Des plats à faible empreinte écologique

En plus de la solitude, KOM à la maison souhaite prendre en considération un autre enjeu majeur mis en évidence par la pandémie : l’importance d’une alimentation locale et durable. La lutte contre le gaspillage, les circuits-courts et la réduction des déchets sont donc au cœur du modèle. Les plats proposés par le restaurant solidaire sont préparés à partir d’invendus récupérés dans un magasin bio du quartier et de légumes cultivés aux portes de Bruxelles.
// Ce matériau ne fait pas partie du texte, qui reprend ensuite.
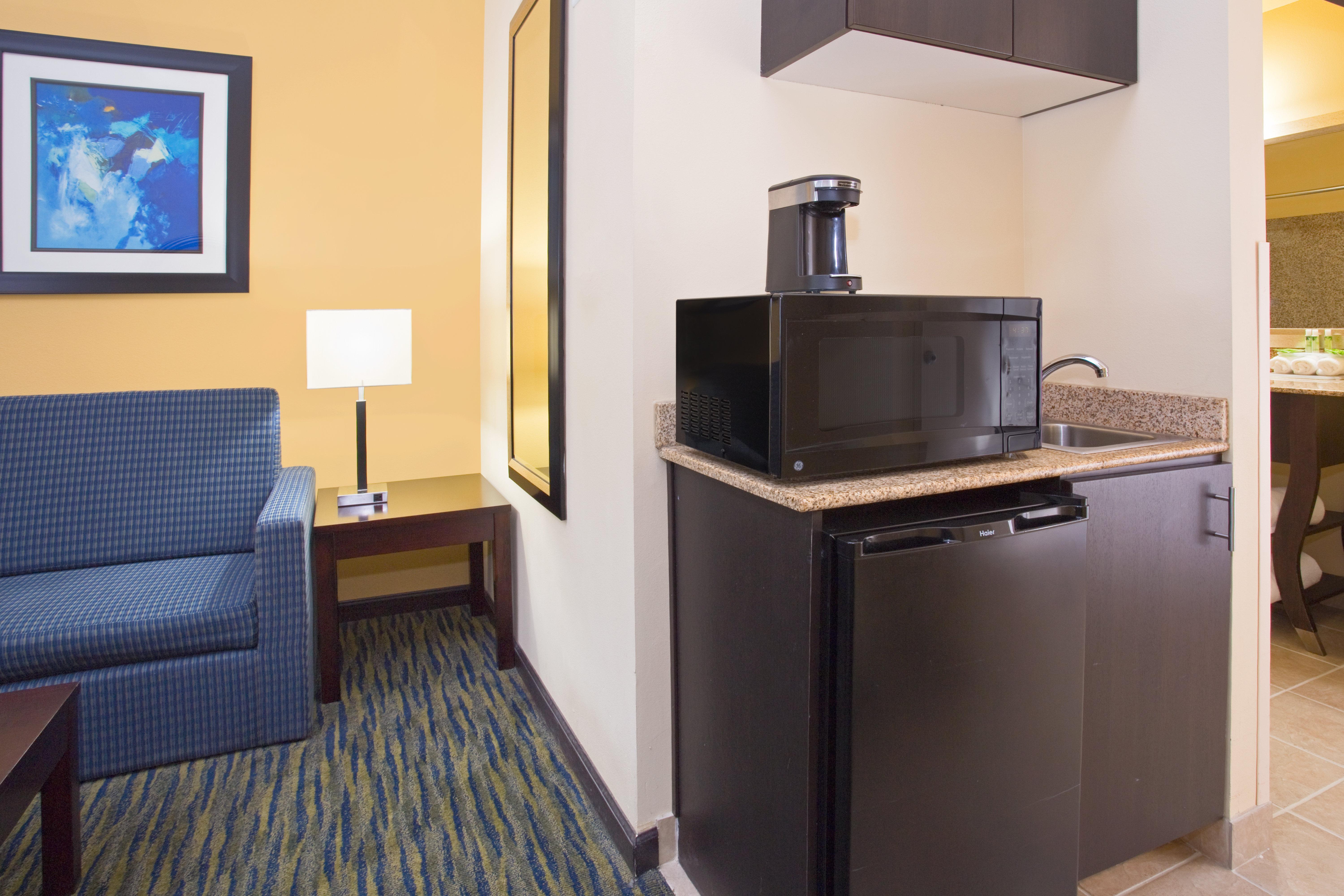 Holiday Inn Express & Suites Denver North - Thornton By Ihg Exterior photo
L’équipe s’emploie également à acheter des produits en vrac, à composter les déchets végétaux et même à fabriquer ses propres serviettes en tissu et tabliers. La part de protéines animales dans les menus est en outre réduite, avec des recettes souvent végétariennes : dhal de lentilles corail, gratin de courges, un crumble de tomates cerises confites ou encore burger de brocolis. Bref, des plats savoureux qui mettent à l’honneur les produits locaux et de saison.

Des plats savoureux et écolos cuisinés par les habitants du quartier.

À terme, l’objectif est de pouvoir rémunérer un employé pour que le lieu actuellement animé par une équipe de bénévoles soit ouvert 6 midis par semaine et accessible à tous. Tout est mis en œuvre pour que le menu, composé d’une entrée, d’un plat et d’un dessert, soit le plus abordable possible. Si la carte du jour affiche un prix suggéré, le prix est libre et chacun peut payer selon ses moyens. Cette démarche permet d’accueillir un public très diversifié : personnes travaillant dans le quartier, parent au foyer, étudiants, pensionnés isolés, migrants, personnes handicapées, chercheurs d’emploi, commerçants du quartier… Après l’ouverture, le restaurant sera aussi un lieu de partage pour les gestes quotidiens qui permettent de réduire son empreinte écologique : compost, fabrication de produits ménagers maison, conserves, etc.

En recréant du lien social en cette période ou son absence se fait ressentir parfois cruellement, KOM à la maison contribue donc à lutter contre l’isolement et la solitude. Cette initiative, que l’on peut soutenir via ce lien, montre une nouvelle fois que l’alimentation peut être le moteur de projets durables, qui participent à rendre la société plus solidaire et plus respectueuse de l’environnement.